Grief is less like a terrible thing that has happened and more like an unlocked room we can't seem to leave, until we do.
Grief is a reoccurring conversation we stumble into and out of across the distances that have formed in our heads.

II.

Grief is always present tense.

III.

Some days, when grace fails to find purchase among the raw remembrances that have grown bodies and wings, our first instinct will be to build a wall between us and our memories.

But don't.

Memory is liquid.
It seeps beneath time and intention and (sometimes) greets us with its sweetness.

IV.

Grief is more skin than cloth.
A sparse comfort we gather round us as seasons slip by.

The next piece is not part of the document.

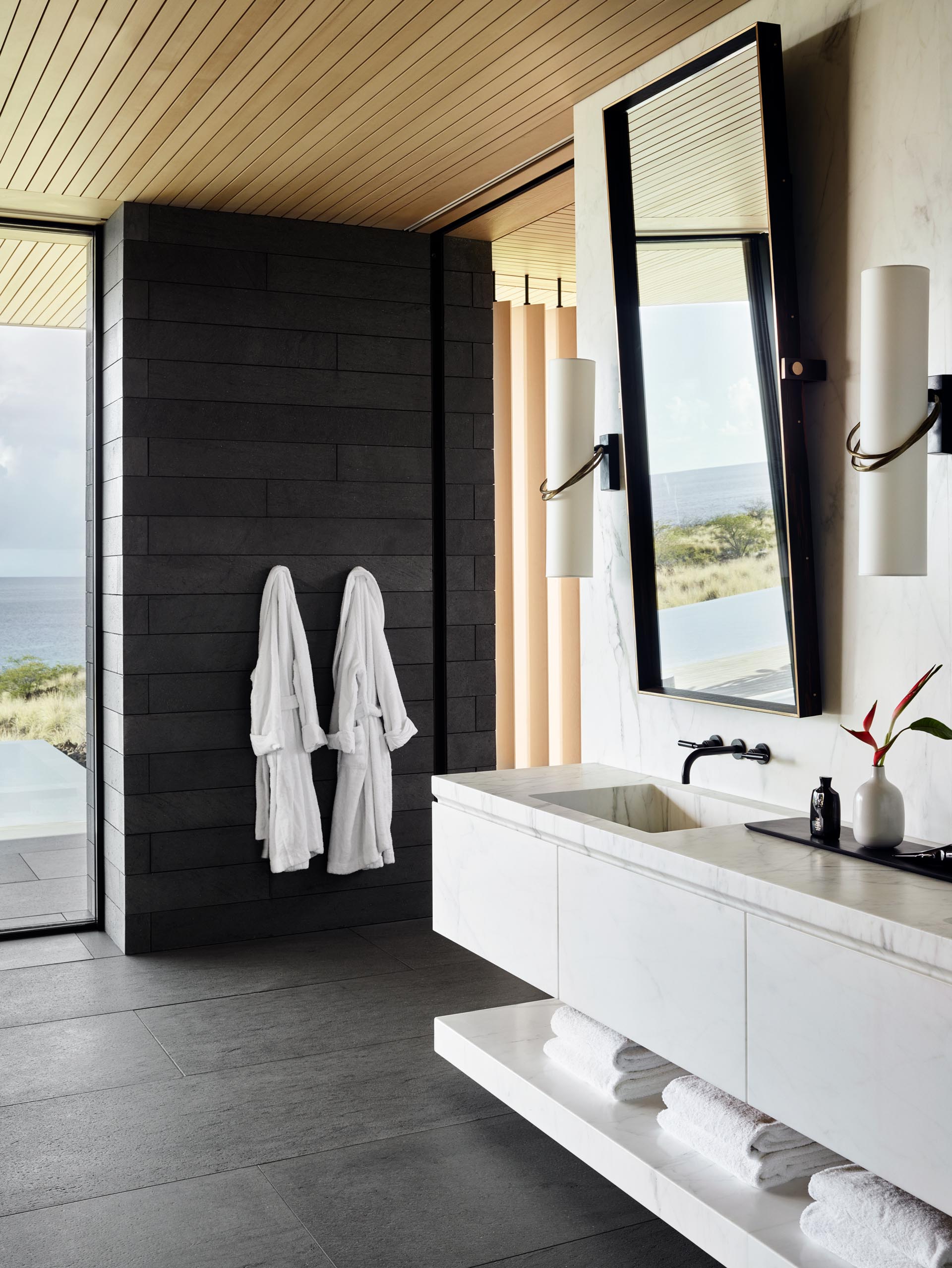 In the master bathroom, large format gray tiles cover the floor, vertical wood screens create privacy, and a white double-sink vanity floats above the ground and is adjacent to the glass-enclosed shower.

And though this pain is caustic as it is beautiful--what smarts the most is how understanding does not right our world, regardless of how hard we wish it so.

V.

Grief forms us. It pulses, confirming our breath, our beating heart.

Pádraig Ó Tuama warns, "Don't let the terrible narrative be the thing that holds you...You may find your home in the very place you thought you'd have to leave."

VI.

Tell all the heart.
We are courageous.
We are staying.

Tell it now when we are most scared.

Say it with intention.

Say it here
                  among those
                  who stand so very still
                                                        knowing home will find us whole.



6 comments:

  1. What a post to read and re read and digest.
    It's been so good to share this most difficult journey. So good...
    Bonnie

    ReplyDelete
    Replies
    1. A few lines that have been running through my head. It is good to share this with you and others who offer perspective, kindness, feeling.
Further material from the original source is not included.